____ Exercise material
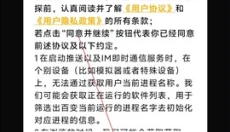 百变大侦探 截图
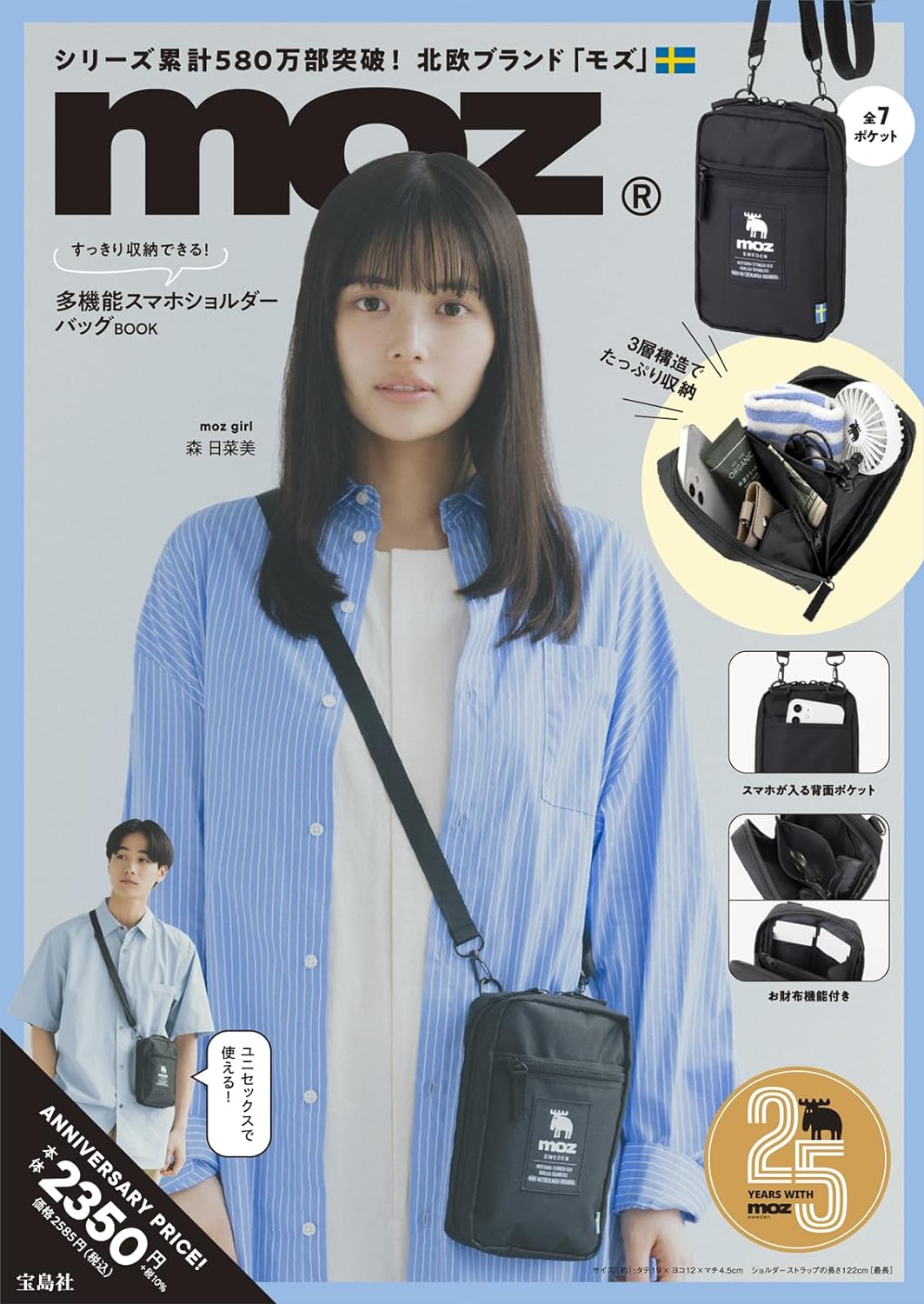 พร้อมส่ง moz กระเป๋าสะพาย มัลติฟังก์ชั่น กระเป๋าสะพายสมาร์ทโฟนที่มาพร้อมฟังก์ชันครบครัน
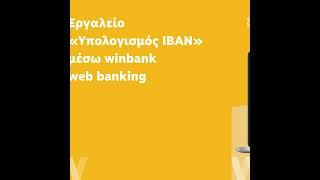 Εργαλείο quotΥπολογισμού ΙΒΑΝquot μέσω winbank web banking [upl. by Reace]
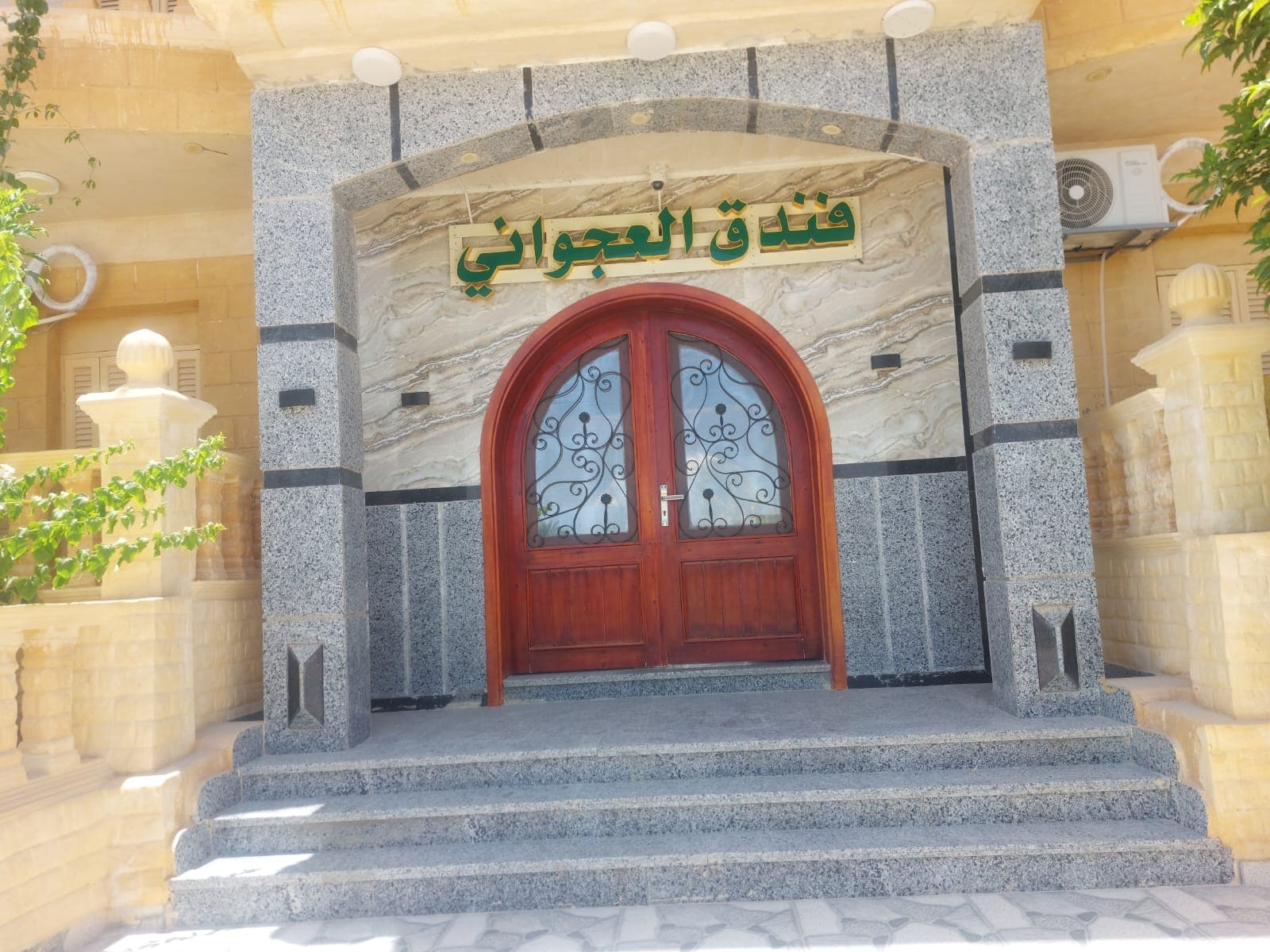 فندق العجواني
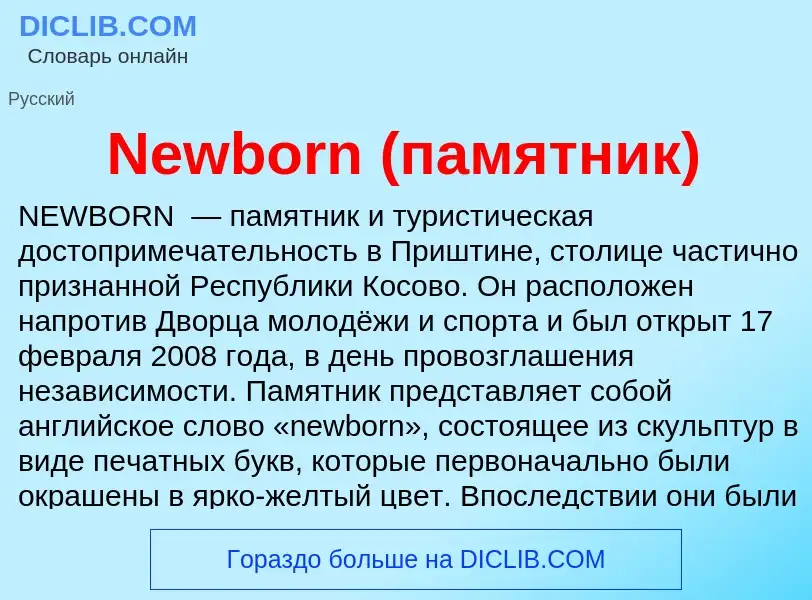 Что такое Newborn (памятник) - определение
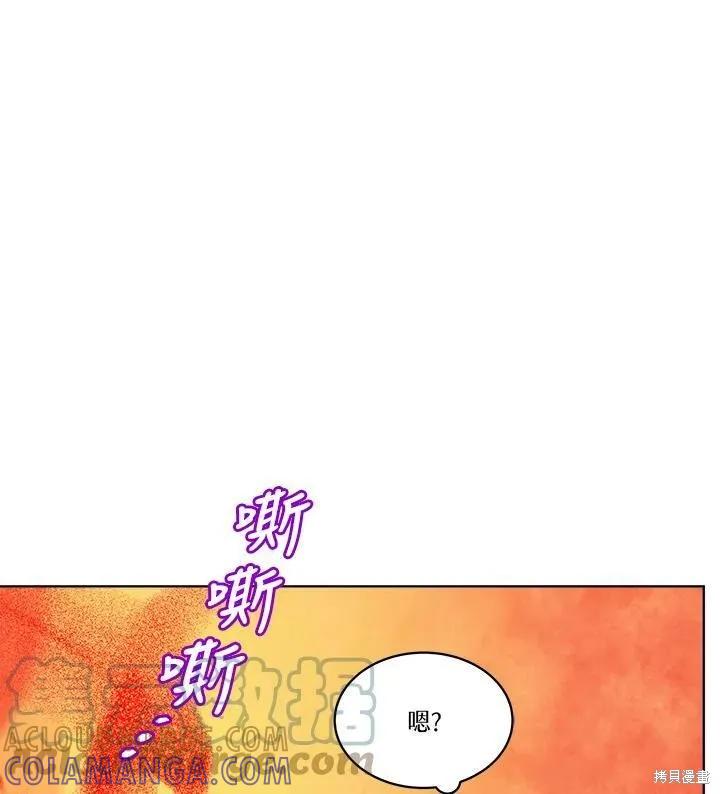 《成为男主的继母》第59话 第85页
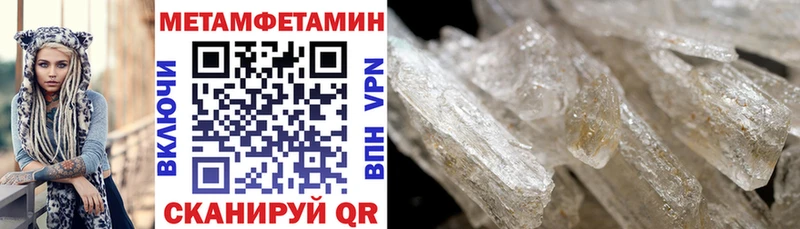 Купить  Лодейное Поле  АМФ Розовый 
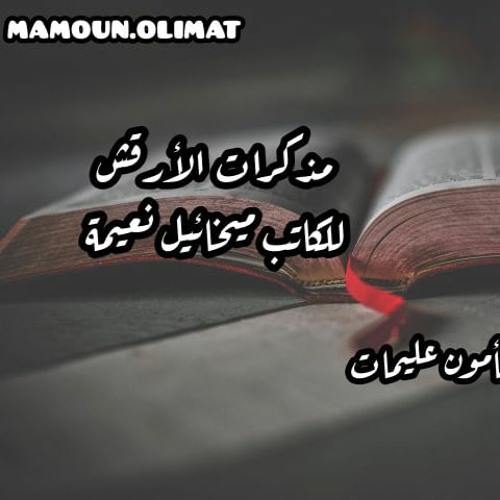 مكتبة اخر الليل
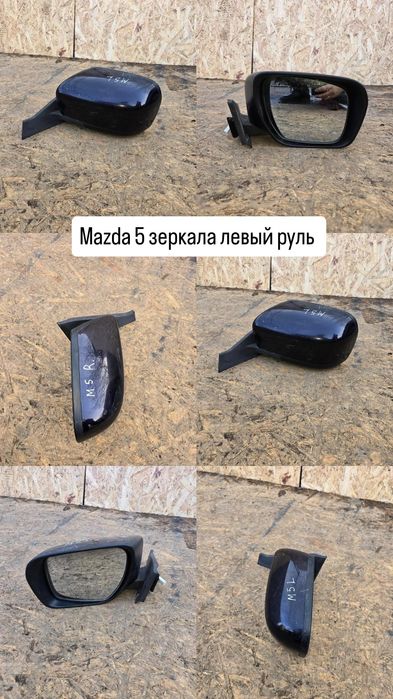Зеркало левое правое Мазда 5 Mazda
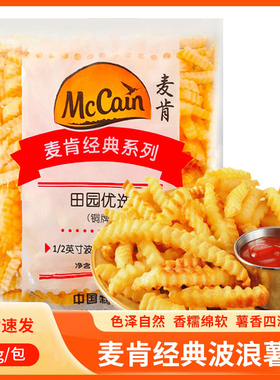 麦肯波浪薯条KF麦当C波浪曲薯条冷冻波纹薯条油炸小吃半成品2kg包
________
Every record above needs to be repeated exactly; pictures are to be left out.

**Written solution**
 百变大侦探 截图
 พร้อมส่ง moz กระเป๋าสะพาย มัลติฟังก์ชั่น กระเป๋าสะพายสมาร์ทโฟนที่มาพร้อมฟังก์ชันครบครัน
 Εργαλείο quotΥπολογισμού ΙΒΑΝquot μέσω winbank web banking [upl. by Reace]
 فندق العجواني
 Что такое Newborn (памятник) - определение
 《成为男主的继母》第59话 第85页
 Купить  Лодейное Поле  АМФ Розовый 
 مكتبة اخر الليل
Зеркало левое правое Мазда 5 Mazda
 麦肯波浪薯条KF麦当C波浪曲薯条冷冻波纹薯条油炸小吃半成品2kg包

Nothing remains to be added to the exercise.